We will start this process by following the breif guidline on the data we planned to collect in our project proposal



In [11]:
### Rocket Data

# Rocket Name and Company Name
print("Unique Rocket identifier : ", launch_data[-1]['id']) #Will be usefull if we plan to break data up
print("Rocket Name : ", launch_data[-1]['rocket']['configuration']['name'])
print("Company Name : ", launch_data[-1]['rocket']['configuration']['families'][0]['manufacturer'][0]['name'])
print("Company Founding Year : ", launch_data[-1]['rocket']['configuration']['families'][0]['manufacturer'][0]['founding_year'])
print("Country Affiliation : ", launch_data[-1]['rocket']['configuration']['families'][0]['manufacturer'][0]['country'][0]['name'])
print("Company Type : ", launch_data[-1]['rocket']['configuration']['families'][0]['manufacturer'][0]['type']['name'])

Unique Rocket identifier :  6602c88f-cbff-4495-b417-a184ddb0a426
Rocket Name :  Falcon 9
Company Name :  SpaceX
Company Founding Year :  2002
Country Affiliation :  United States of America
Company Type :  Commercial


In [12]:
#Rocket Related Parameters
print("Rocket related parameters")
print("---------------")
print("Is the Rocket Reusable : ", launch_data[-1]['rocket']['configuration']['reusable'])
print("Min.
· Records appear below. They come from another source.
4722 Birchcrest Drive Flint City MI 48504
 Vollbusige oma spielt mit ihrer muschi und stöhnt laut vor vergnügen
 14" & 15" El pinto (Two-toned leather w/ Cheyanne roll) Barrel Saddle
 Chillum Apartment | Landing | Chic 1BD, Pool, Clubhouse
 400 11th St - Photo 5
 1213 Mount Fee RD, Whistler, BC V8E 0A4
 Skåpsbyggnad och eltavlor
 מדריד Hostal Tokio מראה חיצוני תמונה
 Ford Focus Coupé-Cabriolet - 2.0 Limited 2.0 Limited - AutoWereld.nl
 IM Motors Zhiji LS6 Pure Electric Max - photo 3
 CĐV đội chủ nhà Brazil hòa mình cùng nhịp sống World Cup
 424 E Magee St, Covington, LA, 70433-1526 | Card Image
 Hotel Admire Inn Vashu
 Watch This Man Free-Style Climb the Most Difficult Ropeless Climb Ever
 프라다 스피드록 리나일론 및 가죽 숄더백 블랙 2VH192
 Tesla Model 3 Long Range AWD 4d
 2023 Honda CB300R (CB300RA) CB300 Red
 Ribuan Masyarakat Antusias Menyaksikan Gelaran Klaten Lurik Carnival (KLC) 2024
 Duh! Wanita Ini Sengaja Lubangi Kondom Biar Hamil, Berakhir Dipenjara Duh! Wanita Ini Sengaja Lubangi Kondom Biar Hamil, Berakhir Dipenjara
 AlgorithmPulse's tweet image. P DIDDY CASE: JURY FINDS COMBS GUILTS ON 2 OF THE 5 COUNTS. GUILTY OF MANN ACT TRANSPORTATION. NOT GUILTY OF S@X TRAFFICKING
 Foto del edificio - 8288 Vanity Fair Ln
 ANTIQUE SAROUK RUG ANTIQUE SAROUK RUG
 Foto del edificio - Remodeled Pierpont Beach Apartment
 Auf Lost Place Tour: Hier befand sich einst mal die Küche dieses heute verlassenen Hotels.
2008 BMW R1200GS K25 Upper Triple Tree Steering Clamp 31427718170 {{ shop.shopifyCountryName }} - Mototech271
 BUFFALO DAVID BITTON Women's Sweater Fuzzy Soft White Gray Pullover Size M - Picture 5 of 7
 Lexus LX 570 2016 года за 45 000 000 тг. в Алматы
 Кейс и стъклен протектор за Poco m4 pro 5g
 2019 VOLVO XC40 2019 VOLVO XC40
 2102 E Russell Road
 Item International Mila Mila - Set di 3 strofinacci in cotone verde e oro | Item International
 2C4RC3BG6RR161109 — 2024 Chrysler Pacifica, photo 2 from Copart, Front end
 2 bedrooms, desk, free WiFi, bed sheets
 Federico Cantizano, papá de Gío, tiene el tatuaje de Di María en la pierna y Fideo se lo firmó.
No. Stages : ", launch_data[-1]['rocket']['configuration']['min_stage'])
print("Max No. Stages : ", launch_data[-1]['rocket']['configuration']['max_stage'])
print("Rocket Length (meters): ", launch_data[-1]['rocket']['configuration']['length'])
print("Rocket Diameter (meters): ", launch_data[-1]['rocket']['configuration']['diameter'])
print("Rocket Launch Cost : ", launch_data[-1]['rocket']['configuration']['launch_cost'])
print("Rocket Liftoff Mass (Tons): ", launch_data[-1]['rocket']['configuration']['launch_mass'])
print("Rocket Payload Mass to LEO (kg): ", launch_data[-1]['rocket']['configuration']['leo_capacity'])
print("Rocket Payload Mass to GTO (kg): ", launch_data[-1]['rocket']['configuration']['gto_capacity'])
print("Rocket Payload Mass to GEO (kg): ", launch_data[-1]['rocket']['configuration']['geo_capacity'])  #Could be removed if all null
print("Rocket Payload Mass to SSO (kg): ", launch_data[-1]['rocket']['configuration']['sso_capacity'])  #Could be removed if all null
print("Rocket Liftoff Thrust (kN): ", launch_data[-1]['rocket']['configuration']['to_thrust'])
print("Rocket Apogee: ", launch_data[-1]['rocket']['configuration']['apogee']) #Need to figure out what unit is used for apogee


 #'geo_capacity', 'sso_capacity', 'to_thrust', 'apogee'

Rocket related parameters
---------------
Is the Rocket Reusable :  True
Min. No. Stages :  1
Max No. Stages :  2
Rocket Length (meters):  70.0
Rocket Diameter (meters):  3.65
Rocket Launch Cost :  52000000
Rocket Liftoff Mass (Tons):  549.0
Rocket Payload Mass to LEO (kg):  22800.0
Rocket Payload Mass to GTO (kg):  8300.0
Rocket Payload Mass to GEO (kg):  None
Rocket Payload Mass to SSO (kg):  None
Rocket Liftoff Thrust (kN):  7607.0
Rocket Apogee:  200.0


In [13]:
# Launch related parameters
print("Launch related parameters")
print("---------------")
print("Date of Launch : ", launch_data[-1]['net'])
print("Lauch Status : ", launch_data[-1]['status']['name'])
print("Short Form Status:", launch_data[-1]['status']['abbrev'])
print("Launch pad location name:", launch_data[-1]['pad']['location']['name'])
print("Launch pad name:", launch_data[-1]['pad']['name'])
print("Launch pad country name:", launch_data[-1]['pad']['country']['name'])
print("Launch pad country name:", launch_data[-1]['pad']['country']['id'])
print("Launch pad lattitude:", launch_data[-1]['pad']['latitude'])
print("Launch pad longitude:", launch_data[-1]['pad']['longitude'])

print()

Launch related parameters
---------------
Date of Launch :  2025-11-06T21:13:50Z
Lauch Status :  Launch Successful
Short Form Status: Success
Launch pad location name: Vandenberg SFB, CA, USA
Launch pad name: Space Launch Complex 4E
Launch pad country name: United States of America
Launch pad country name: 2
Launch pad lattitude: 34.632
Launch pad longitude: -120.611



## Rocket Info Data Frame

In [14]:
rocket_table = []

header = ["ID", "launch_date", "rocket_name", "rocket_full_name","reusable", "min_no_stages", "max_no_stages","rocket_length_in_meters",
          "rocket_diameter_in_meters", "launch_cost", "liftoff_mass_in_tons", "payload_mass_to_leo", "payload_mass_to_gto", "payload_mass_to_geo",
          "payload_mass_to_sso", "liftoff_thrust_in_kN"]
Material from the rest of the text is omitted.